Toddler Murderer Now a Church Pastor: Would You Attend?

churchFor Americans who go to church, the person leading the service is supposed to be the one you trust the most with your spiritual life. But could you trust a pastor who once murdered a toddler?

A church in western Virginia is split down the middle right now over the preacher who parishioners have learned once spent time in prison for beating his girlfriend's 14-month-old son to death in 1970. That's just the tip of the iceberg of Pastor William Drumheller's crimes, but it's a particular sticking point for members of the church who would like to see him unable to pastor. On the other side are the members of the church who believes their pastor is "of repentant heart?" But can anybody sufficiently repent for killing a child in cold blood?


Take the responses to the request of a woman who killed her infant in 1987 will suffering from a verified case of post partum psychosis. She heard voices telling her to kill, and 23 years on she is still under legal restrictions despite being declared "not guilty by reason of insanity." When The Stir pondered whether she should be classified as "sane" all these years later, comments ranged from "she should have gotten the death penalty" to "if she is sane now then she needs to go to jail."

But William Drumheller wasn't insane. And he got out of a 70 to 125 year prison sentence even though he admitted to having abused the toddler over a period of time before delivering the killing blows. And now years later he's standing up as a role model for the members of a church. He's the one people are to go for counseling -- a standard job for members of the clergy. He's the one who stands at the front of a room where people bring their families; ostensibly their kids.

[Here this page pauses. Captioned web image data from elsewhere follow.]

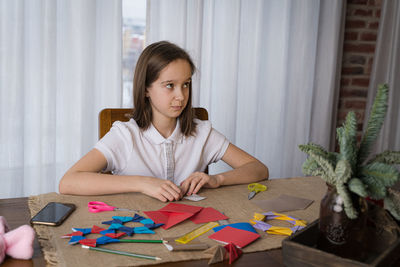 A beautiful teenage girl makes origami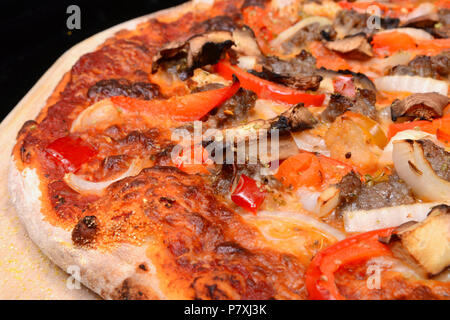 De délicieuses pizzas cuites au feu de bois four à pizza avec oignons, champignons, poivrons et de la saucisse Banque D'Images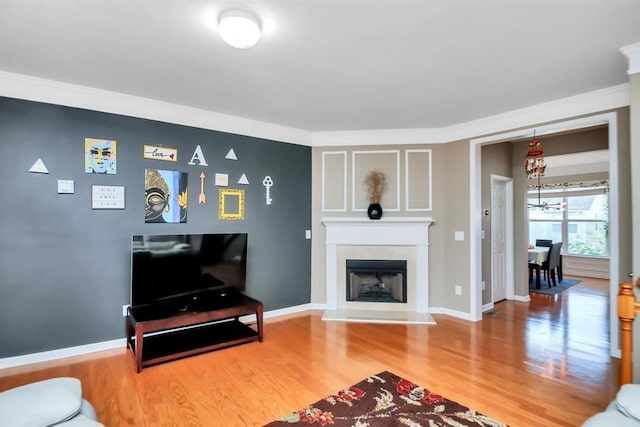 living area featuring a fireplace with raised hearth, crown molding, wood finished floors, and baseboards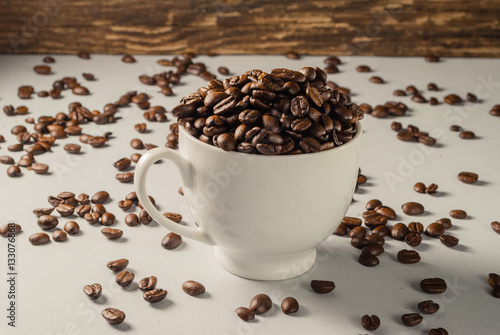 Coffebeans on Neutral Gray Background. Dark Roast Coffee. White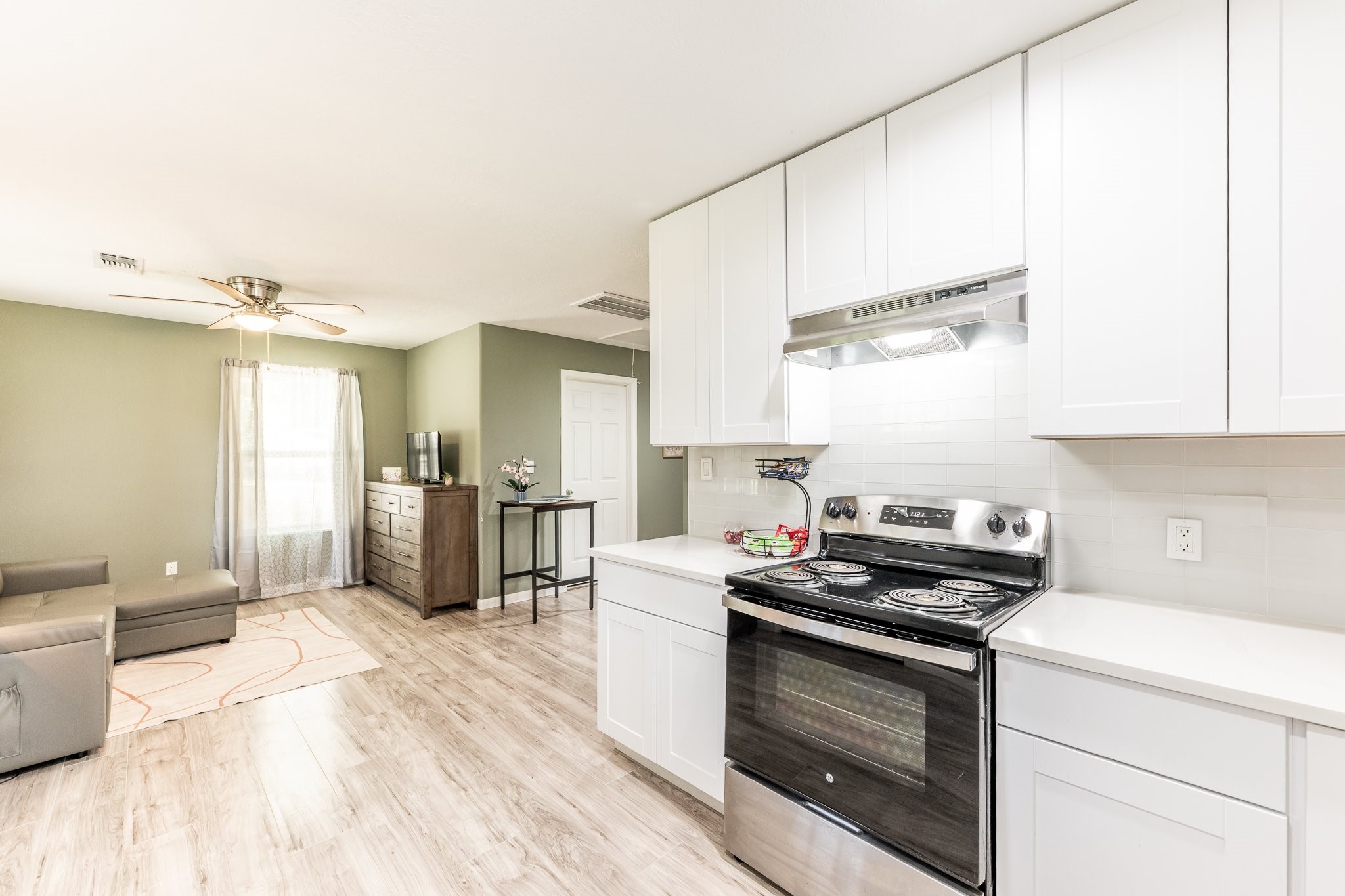 109 Monica Street Trinity, TX 75862 - Photo 6 of 32 a kitchen with a stove a sink and a refrigerator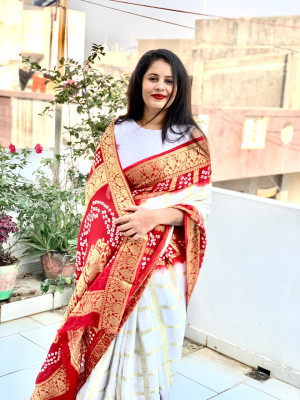 White and red color bandhej silk saree with zari weaving work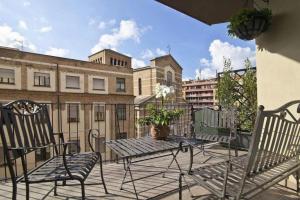 a patio with a table and chairs on a balcony at Hotel New Katsura in Sado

I was raised in the Catholic church, and even after a decade riddled with scandal, I'd still leave my daughter with my family's priest. But taking her anywhere near William Drumheller makes me shudder. And asking him for advice on family life is out of the question.

There are situations where someone with experience can serve you best as a counselor. Former drug addicts often make the best members of a rehab team because they know where you've been, and they can recognize when you've hit rock bottom. But a convicted murderer and child abuser counseling families reeks of throwing open the henhouse door and whistling for the foxes.

Would you be comfortable with a man who murdered a child stepping into the role of clergy?

Editor's Note: Although parishioners are still in disagreement and discussing their issues with the press, William Drumheller has already left the church in question. He retains his ability to pastor, although not at this church.